Skip the pictures and restate, word for word, the lines from the one containing "https://mehrnews.com/x38QTr" to the end of the data below.

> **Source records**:
★ ★ ★
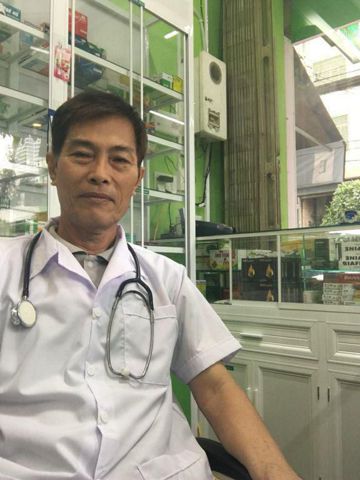 Ngày sau sỏi đá cũng cần...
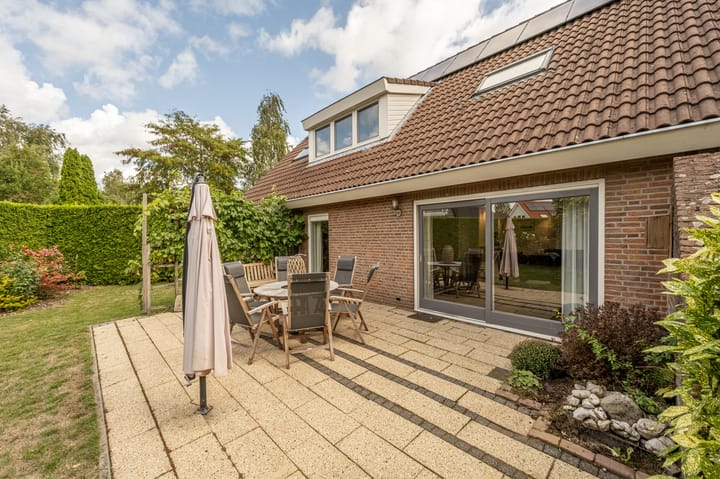 Foto 2 van Hoofdland 46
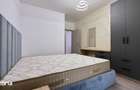 De inchiriat | Apartament 2 camere | Ambiance Residence Pipera Volunta - 15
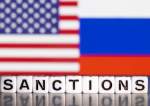 US unveils new sanctions against Russia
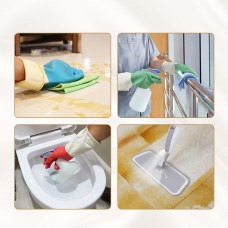 Dr.Dirt All Purpose Sterilizing Cleaner - Cleanic Cleaning Equipment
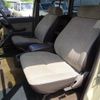 toyota land-cruiser-60 1989 quick_quick_FJ62V_FJ62118126 image 15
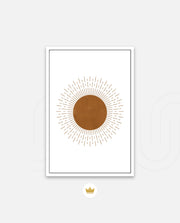 Solar Radiance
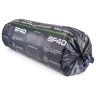 SuperFOIL SF40 Multi-layer Foil Insulation - 65mm x 1500mm x 10m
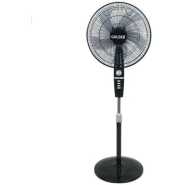 82288909 B8F2 4A50 B935 69AA981907DE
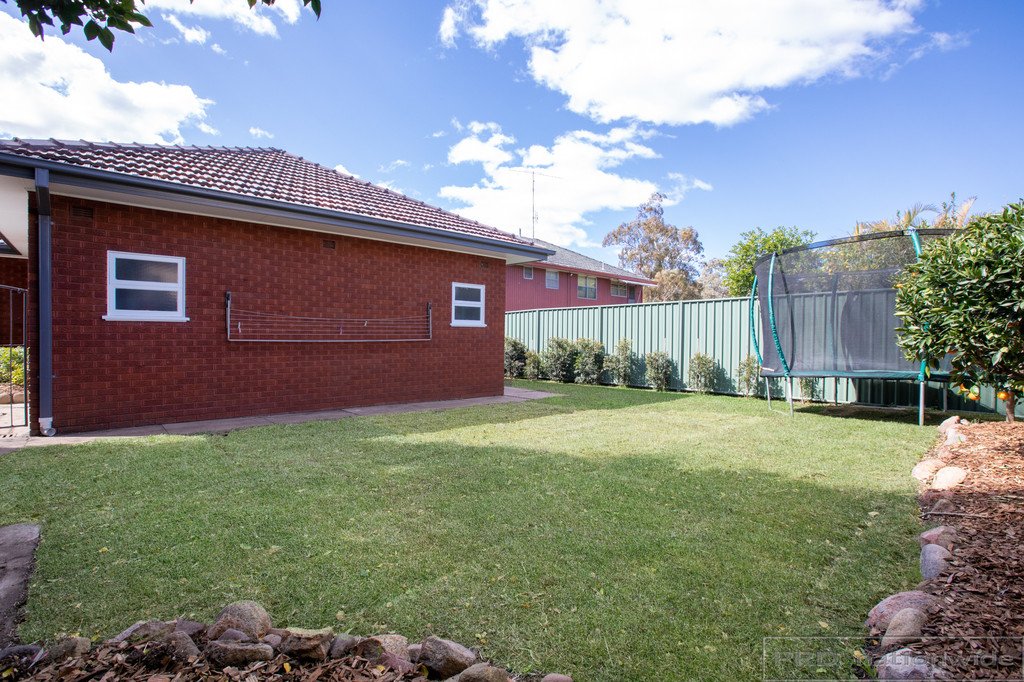 18 Perth Avenue EAST MAITLAND 16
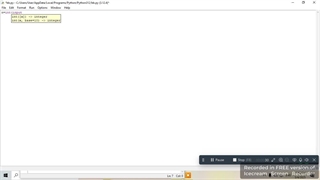 مجموع اعداد زوج 1تا n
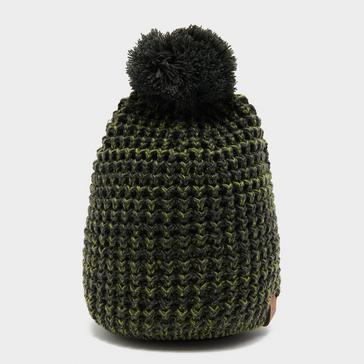 Brown The North Face Logo Pom Beanie Hat | JD Sports Global - JD Sports  Global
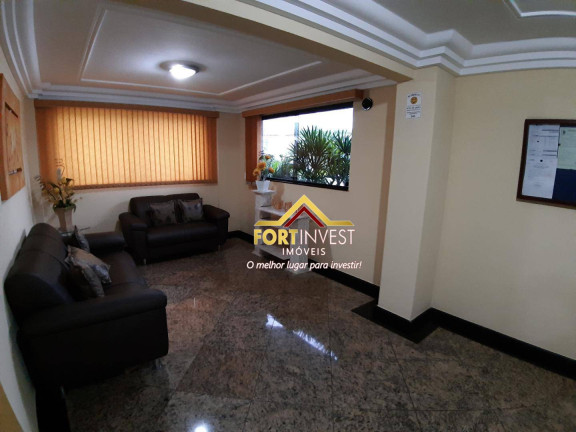 Imagem Imóvel com 4 Quartos à Venda, 123 m² em Guilhermina - Praia Grande Imagem Imóvel com 4 Quartos à Venda, 123 m² em Guilhermina - Praia Grande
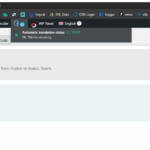 Screenshot 2025-07-14 160246.png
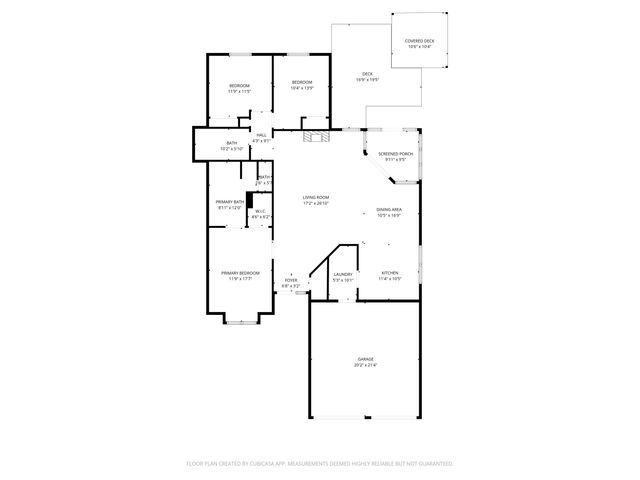 11374 Cherry Blossom East Drive, Fishers, IN 46038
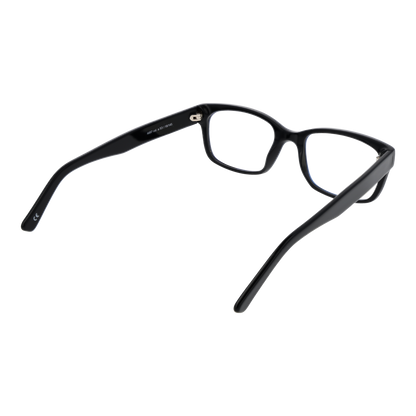 ANDY WOLF EYEWEAR 4497 53A Sonnenbrille ansicht-2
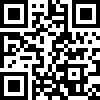 https://mehrnews.com/x38QTr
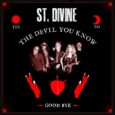 St. Divine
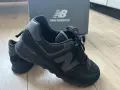 New balance  мъжки маратонки
, снимка 1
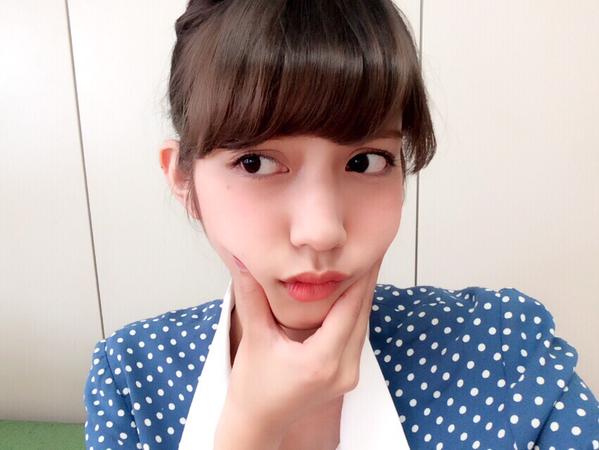 松田流花(松田るか) 冲绳美人画像集
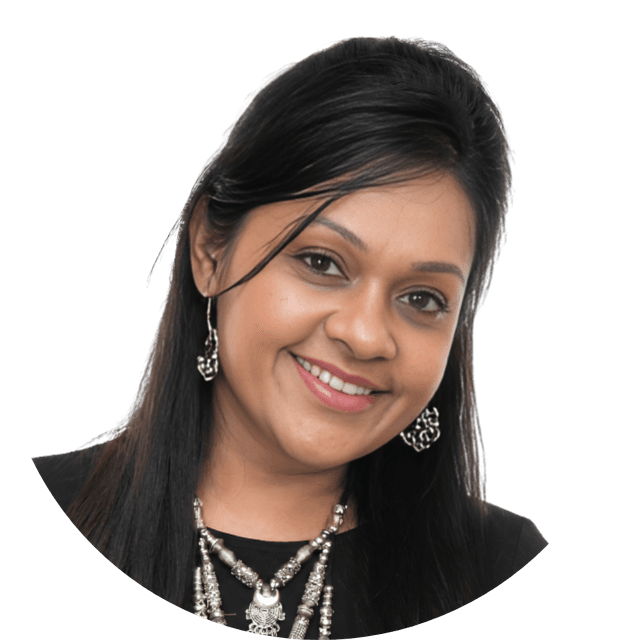 Niyara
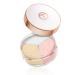 Setting Loose Powder Triple Grid Powder Setting Correcting Highlighting Lightweight Lasting Breathable Targeted Oil Control Matte Foundation Smooth Natural skin color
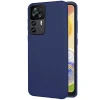 Чохол Beline Candy для Xiaomi 12T Navy (5905359812722)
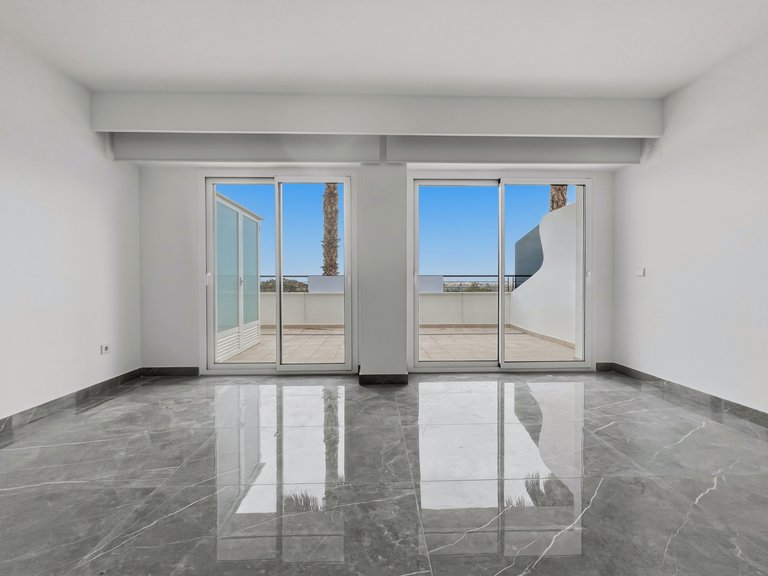 Apartment for Sale  in Xeresa, Valencia 9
★ ★ ★
> **Answer space**:
 https://mehrnews.com/x38QTr
 St. Divine
 New balance  мъжки маратонки
, снимка 1
 松田流花(松田るか) 冲绳美人画像集
 Niyara
 Setting Loose Powder Triple Grid Powder Setting Correcting Highlighting Lightweight Lasting Breathable Targeted Oil Control Matte Foundation Smooth Natural skin color
 Чохол Beline Candy для Xiaomi 12T Navy (5905359812722)
 Apartment for Sale  in Xeresa, Valencia 9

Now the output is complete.